## Data for the task
-------------------------

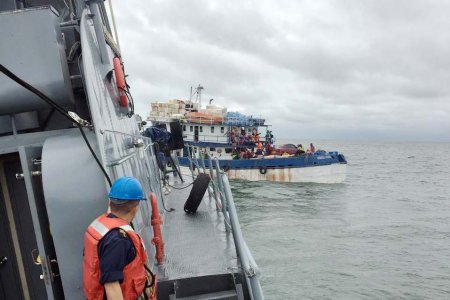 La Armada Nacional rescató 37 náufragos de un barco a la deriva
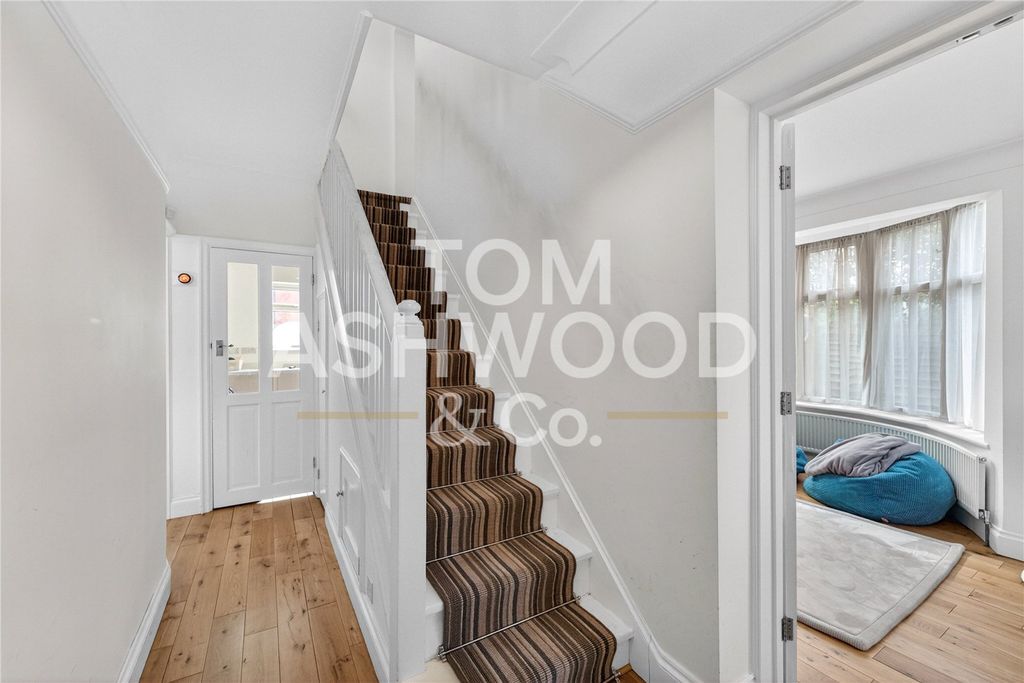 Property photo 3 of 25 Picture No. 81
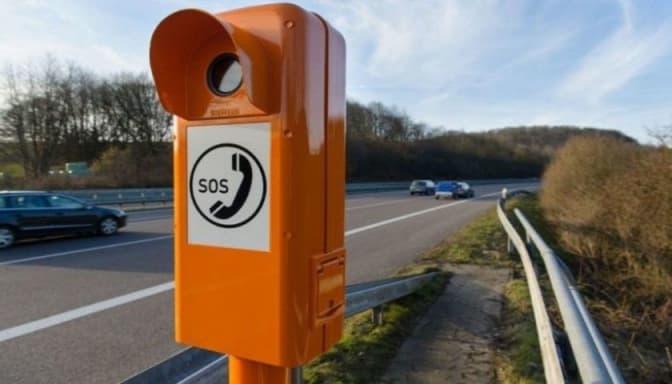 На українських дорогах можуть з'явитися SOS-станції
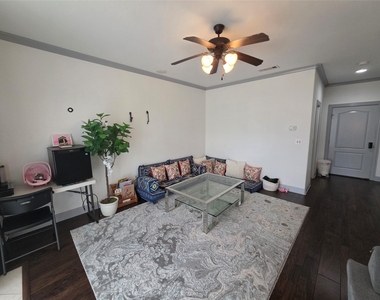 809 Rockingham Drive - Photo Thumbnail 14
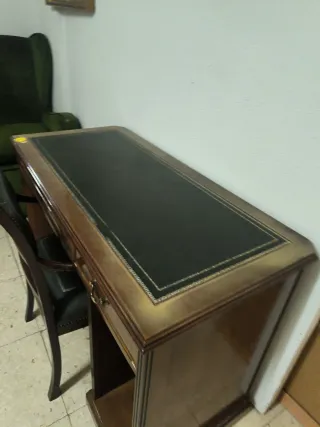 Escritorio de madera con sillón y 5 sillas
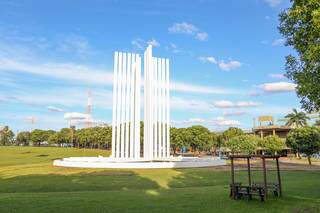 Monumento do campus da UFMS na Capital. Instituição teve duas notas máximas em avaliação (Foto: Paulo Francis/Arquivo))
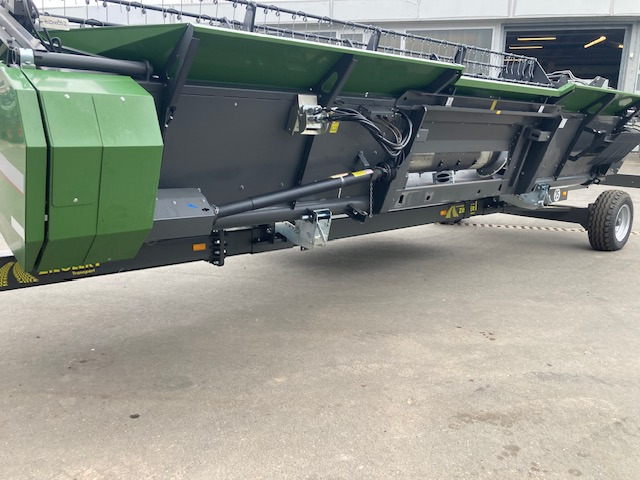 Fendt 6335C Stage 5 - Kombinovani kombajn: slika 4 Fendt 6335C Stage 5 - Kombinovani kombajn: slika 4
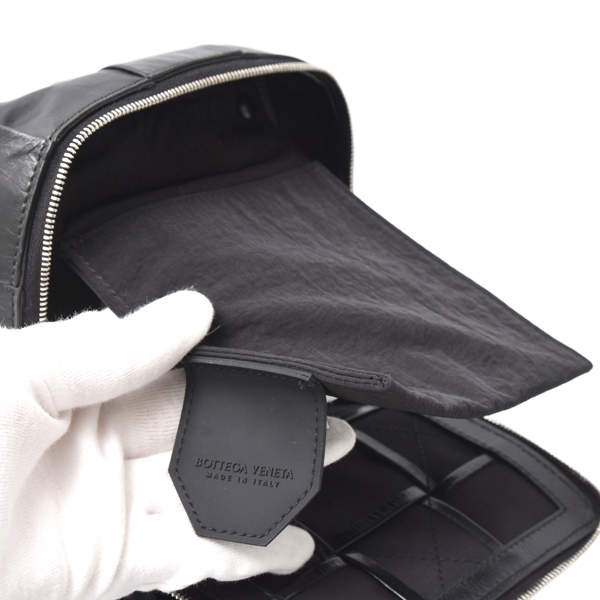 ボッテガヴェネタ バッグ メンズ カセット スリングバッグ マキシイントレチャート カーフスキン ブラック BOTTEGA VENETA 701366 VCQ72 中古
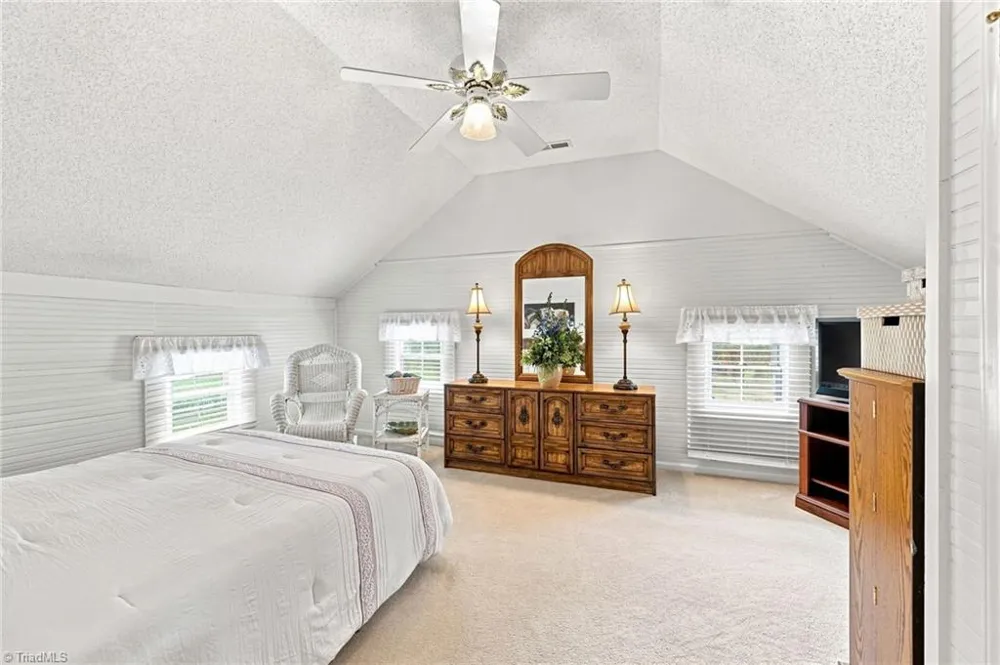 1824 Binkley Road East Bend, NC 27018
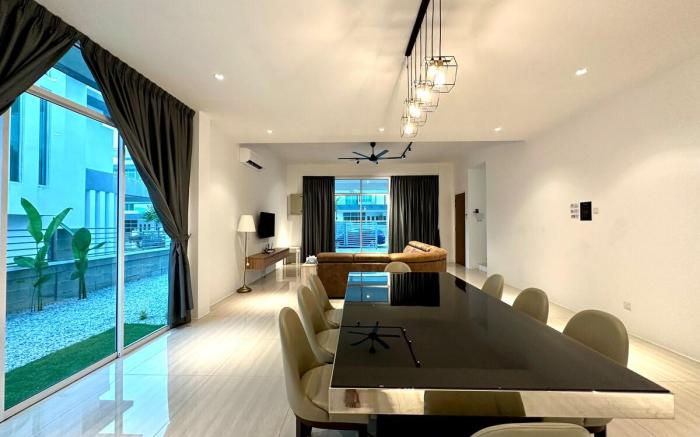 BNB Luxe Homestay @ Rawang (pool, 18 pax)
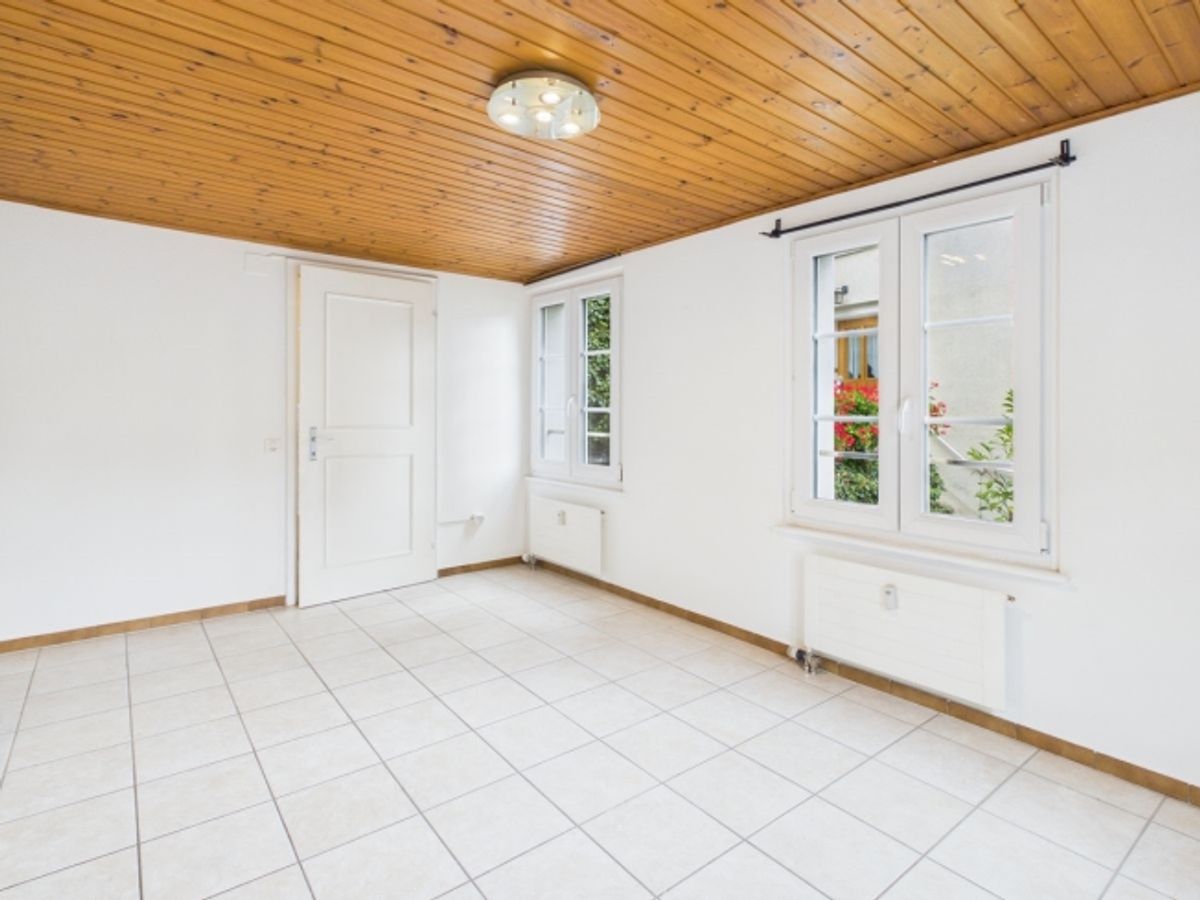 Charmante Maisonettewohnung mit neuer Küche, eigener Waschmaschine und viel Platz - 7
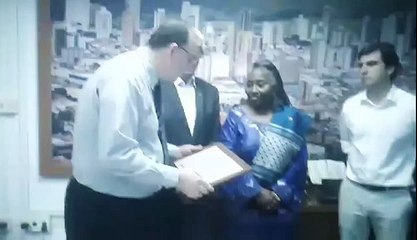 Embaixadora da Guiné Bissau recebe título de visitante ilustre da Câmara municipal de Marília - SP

-------------------------

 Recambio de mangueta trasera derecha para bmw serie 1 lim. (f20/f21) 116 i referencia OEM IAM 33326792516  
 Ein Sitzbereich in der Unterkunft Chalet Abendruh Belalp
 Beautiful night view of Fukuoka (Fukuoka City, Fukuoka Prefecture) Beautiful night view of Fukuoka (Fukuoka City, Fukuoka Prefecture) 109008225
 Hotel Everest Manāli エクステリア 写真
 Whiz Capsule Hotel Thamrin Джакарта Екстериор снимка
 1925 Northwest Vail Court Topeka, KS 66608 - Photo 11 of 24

-------------------------

## Work to complete
Using the entries above, transcribe every line from the line containing "На українських дорогах" through the line containing "BNB Luxe Homestay @ Rawang (pool, 18 pax)". Do not copy pictures.

## Result
 На українських дорогах можуть з'явитися SOS-станції
 809 Rockingham Drive - Photo Thumbnail 14
 Escritorio de madera con sillón y 5 sillas
 Monumento do campus da UFMS na Capital. Instituição teve duas notas máximas em avaliação (Foto: Paulo Francis/Arquivo))
 Fendt 6335C Stage 5 - Kombinovani kombajn: slika 4 Fendt 6335C Stage 5 - Kombinovani kombajn: slika 4
 ボッテガヴェネタ バッグ メンズ カセット スリングバッグ マキシイントレチャート カーフスキン ブラック BOTTEGA VENETA 701366 VCQ72 中古
 1824 Binkley Road East Bend, NC 27018
 BNB Luxe Homestay @ Rawang (pool, 18 pax)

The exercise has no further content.